§ 351. General Method for the Detection of Opium.—It is usually laid down in forensic works that, where poisoning by opium is suspected, it is sufficient to detect the presence of meconic acid in order to establish that of opium. In a case of adult poisoning there is generally substance enough available to obtain one or more alkaloids, and the presence of opium may, without a reasonable doubt, be proved, if meconic acid (as well as either morphine, narcotine, thebaine, or other opium alkaloid) has been detected. Pills containing either solid opium or the tincture usually betray the presence of the drug by the odour, and in such a case there can be no possible difficulty in isolating morphine and meconic acid, with probably one or two other alkaloids. The method of extraction from organic fluids is the same as before described, but it may, of course, be modified for any special purpose. If opium, or a preparation of opium, be submitted to Dragendorff’s process (see [p. 242]), the following is a sketch of the chief points to be noticed.
If the solution is acid—
(1.) Benzene mainly extracts meconin, which dissolves in sulphuric acid very gradually (in twenty-four to forty-eight hours), with a green colour passing into red. Meconin has no alkaloidal reaction.
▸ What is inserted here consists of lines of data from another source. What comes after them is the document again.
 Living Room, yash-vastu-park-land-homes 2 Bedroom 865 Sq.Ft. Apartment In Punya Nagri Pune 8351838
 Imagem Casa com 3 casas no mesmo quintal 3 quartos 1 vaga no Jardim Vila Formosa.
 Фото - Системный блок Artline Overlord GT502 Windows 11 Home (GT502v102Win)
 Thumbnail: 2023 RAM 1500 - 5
(2.) Amyl alcohol dissolves small quantities of meconic acid, identified by striking a blood-red colour with ferric chloride.
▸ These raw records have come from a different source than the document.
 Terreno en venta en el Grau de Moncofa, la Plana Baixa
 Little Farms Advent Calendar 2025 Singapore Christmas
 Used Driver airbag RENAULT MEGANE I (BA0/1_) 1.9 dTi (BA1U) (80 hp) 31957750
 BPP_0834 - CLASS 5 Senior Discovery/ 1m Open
If now the amyl alcohol is removed with the aid of petroleum ether, and the fluid made alkaline by ammonia—
(1.) Benzene extracts narcotine, codeine, and thebaine. On evaporation of the benzene the alkaloidal residue may be dissolved in water, acidified with sulphuric acid, and after filtration, on adding ammonia in excess, thebaine and narcotine are precipitated, codeine remaining in solution. The dried precipitate, if it contain thebaine, becomes blood-red when treated with cold concentrated sulphuric acid, while narcotine is shown by a violet colour developing gradually when the substance is dissolved in dilute sulphuric acid 1 : 5, and gently warmed. The codeine in the ammoniacal solution can be recovered by shaking up with benzene, and recognised by the red colour which the solid substance gives when treated with a little sugar and sulphuric acid.
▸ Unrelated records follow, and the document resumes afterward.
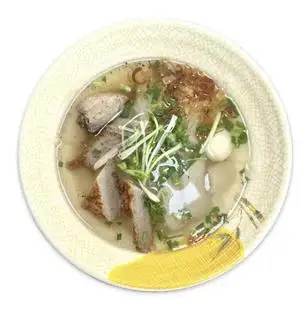 Hình ảnh Bánh canh chả + cá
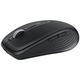 Used Logitech MX Anywhere 3 - Darkfield - Wireless - Bluetooth/Radio Frequency - 2.40 GHz - Black - USB - 4000 dpi - Scroll Wheel - 6 Button(s)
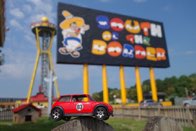On the Border &middot; North / South Carolina &middot; August 29, 2016 &middot; Ryan’s Mom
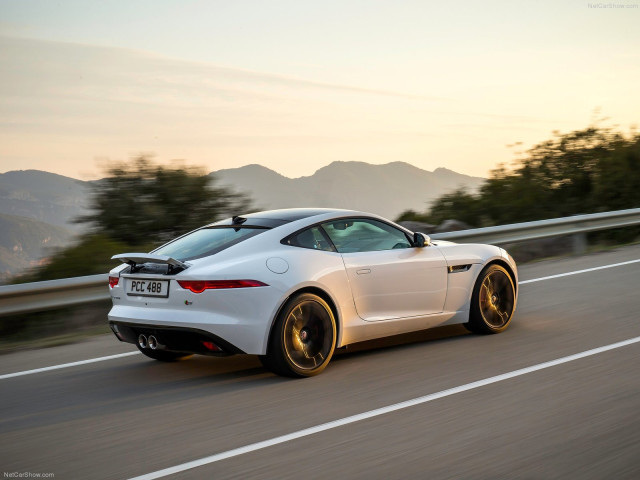 jaguar f-type coupe pic #116487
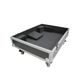 ProX XS-RCF-HDL20ALAX2W Dual Flight Case w/Wheels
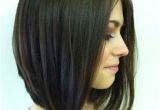 Diy Haircut Lob Sleek Lob Hair Pinterest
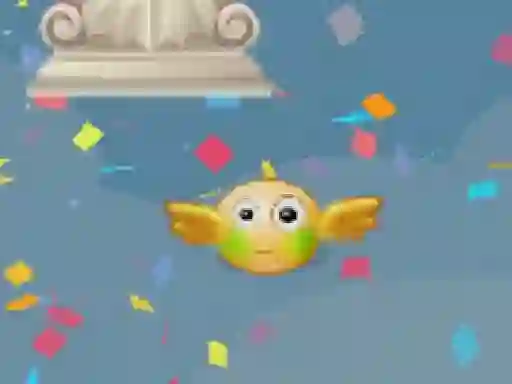 Гульня FlapyMoji онлайн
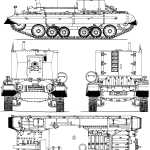 Bishop artillery blueprint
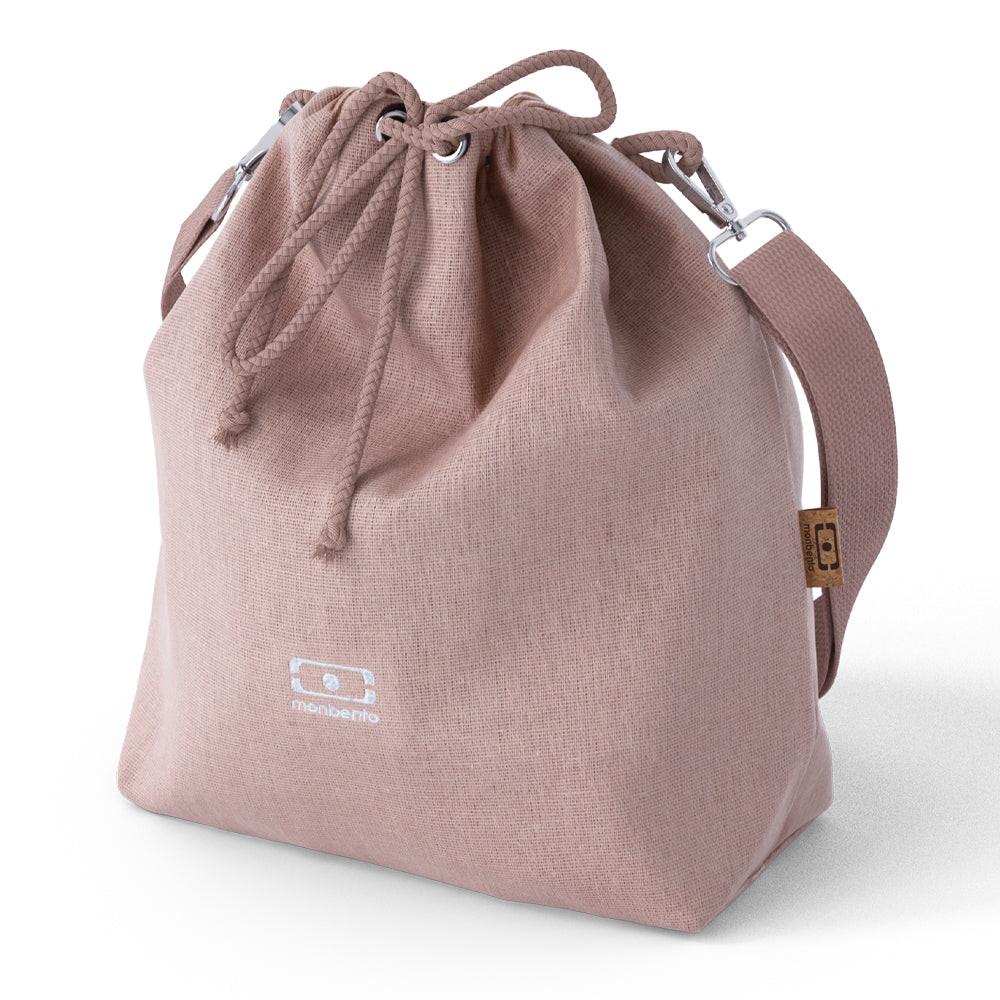 Monbento Mb Fresh Insulated Lunch Bag - Rosa Moka.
(2.) Chloroform especially dissolves the narceine, which, on evaporation of the chloroform, may be identified by its general characters, and by its solution in Fröhde’s reagent becoming a beautiful blue colour. Small quantities of morphine may be extracted with codeine.
(3.) Amyl alcohol extracts from the alkaline solution morphine, identified by its physical characters, by its forming a crystalline precipitate with iodine and hydriodic acid, and the reaction with iodic acid to be described.
§ 352. Morphine (C17H17NO(OH)2 + H2O).—Morphine occurs in commerce as a white powder, sp. gr. 1·205, usually in the form of more or less perfect six-sided prisms, but sometimes in that of white silky needles. When heated in the subliming cell (described at [pp. 257-8]), faint nebulæ, resolved by high microscopic powers into minute dots, appear on the upper disc at 150°. As the temperature is raised the spots become coarser, and at 188° distinct crystals may be obtained, the best being formed at nearly 200°, at which temperature morphine begins distinctly to brown, melt, and carbonise. At temperatures below 188°, instead of minute dots, the sublimate may consist of white circular spots or foliated patterns. One part of morphine, according to P. Chastaing, is soluble at a temperature of 3° in 33,333 parts of water; at 22°, in 4545 parts; at 42°, 4280; and at 100°, 4562. It is scarcely soluble in ether or benzene. Absolute alcohol, according to Pettenkofer, dissolves in the cold one-fortieth of its weight; boiling, one-thirtieth. Amyl alcohol, in the cold, dissolves one-fourth per cent., and still more if the alkaloid be thrown out of an aqueous acid solution by ammonia in the presence of amyl alcohol; for under such circumstances the morphine has no time to become crystalline. According to Schlimpert, 1 part of morphine requires 60 of chloroform for solution; according to Pettenkofer, 175.
Morphine is easily soluble in dilute acids, as well as in solutions of the caustic alkalies and alkaline earths; carbonated alkalies and chloride of ammonium also dissolve small quantities. The acid watery, and the alcoholic solutions, turn the plane of polarisation to the left; for sulphuric, nitric, and hydrochloric acids [α]r = 89·8°; in alkaline solution the polarisation is less, [α]r = 45·22°. It is alkaline in reaction, neutralising acids fully; and, in fact, a convenient method of titrating morphine is by the use of a centinormal sulphuric acid—each c.c. equals 2·85 mgrms. of anhydrous morphine.